Exhibit 4.3
November 8, 2019
RTW Master Fund, Ltd.
RTW Innovation Master Fund, Ltd.
RTW Venture Fund Limited c/o
RTW Investments, LP 412 West
15th Street, Floor 9, New York,
NY, 10011 USA Attn: Roderick
Wong, M.D.
Re:IPO Participation Right
This letter agreement (this “Agreement”) memorializes the agreement and understanding between RTW Master Fund, Ltd., RTW Innovation Master Fund, Ltd. and RTW Venture Fund Limited (collectively, “RTW”), on the one hand, and Avidity Biosciences, Inc., a Delaware corporation (the “Company”), on the other hand, regarding the Company’s grant to RTW of the right to participate in the Company’s future initial public offering of its equity securities on the terms, and subject to the conditions, set forth below.
The Company is entering into this Agreement as a material inducement to cause RTW to enter into that certain Series C Preferred Stock Purchase Agreement, dated as of the date hereof, by and among the Company, RTW and the other purchasers named therein (the “Purchase Agreement”). Capitalized terms not otherwise defined herein shall have the meanings ascribed to such terms in the Purchase Agreement and, to the extent not defined therein, such terms shall have the meanings ascribed to them in that certain Registration Rights Agreement, dated as of the date hereof, by and among the Company, RTW and the parties named therein.

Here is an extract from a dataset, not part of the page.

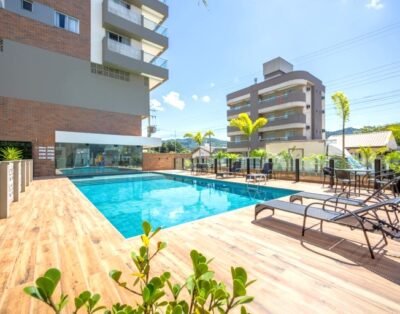 C8-604 Departamento de 2 dormitorios con piscina a 200 metros del mar en Bombas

In consideration of the foregoing and the mutual promises and covenants hereinafter set forth and for other good and valuable consideration, the receipt and sufficiency of which are hereby acknowledged, by execution of this Agreement, the parties hereto hereby agree as follows:
1. In connection with the Company’s sale of shares of its common stock (“Common Stock”) to the public in a firm-commitment underwritten public offering pursuant to an effective registration statement under the Securities Act (the “IPO”), the Company shall, within a reasonable period of time preceding the consummation of the IPO and in compliance with all applicable laws and regulations, use commercially reasonable efforts to provide RTW with the opportunity to purchase shares of Common Stock to be sold in the IPO (including any over-allotment option by the underwriters to the IPO, if any) at the same price per share at which the Common Stock offered in the IPO are being offered to the public (the “IPO Price”) (such right, the “Public Offering Participation Right”). If RTW exercises its Public Offering Participation Right, RTW shall have the right to purchase up to a number of shares of Common Stock to be sold in the IPO equal to (a) the Participation Right Percentage (as defined below), multiplied by, (b) the aggregate number of shares of Common Stock to be sold in the IPO (including any overallotment option by the underwriters to the IPO, if any). RTW may assign its Public Offering Participation Right to any of its Affiliates. For the avoidance of doubt, nothing in this Section 1 is intended to limit the number of shares that RTW or its Affiliates may acquire in the IPO outside of its Public Offering Participation Right. For purposes of this Agreement, the “Participation Right Percentage” shall mean a fraction, the numerator of which shall be equal to 150% of the number of shares of Common Stock held by RTW and its Affiliates immediately prior to the IPO (including all shares of Common Stock then issuable (directly or indirectly) upon conversion and/or exercise, as applicable, of any shares of the Company’s preferred stock (“Preferred Stock”) held by RTW and its Affiliates immediately prior to the IPO), and the denominator of which shall be the total number of outstanding shares of Common Stock (including all shares of Common Stock issuable (directly or indirectly) upon conversion and/or exercise, as applicable, of the Preferred Stock or other convertible securities then outstanding).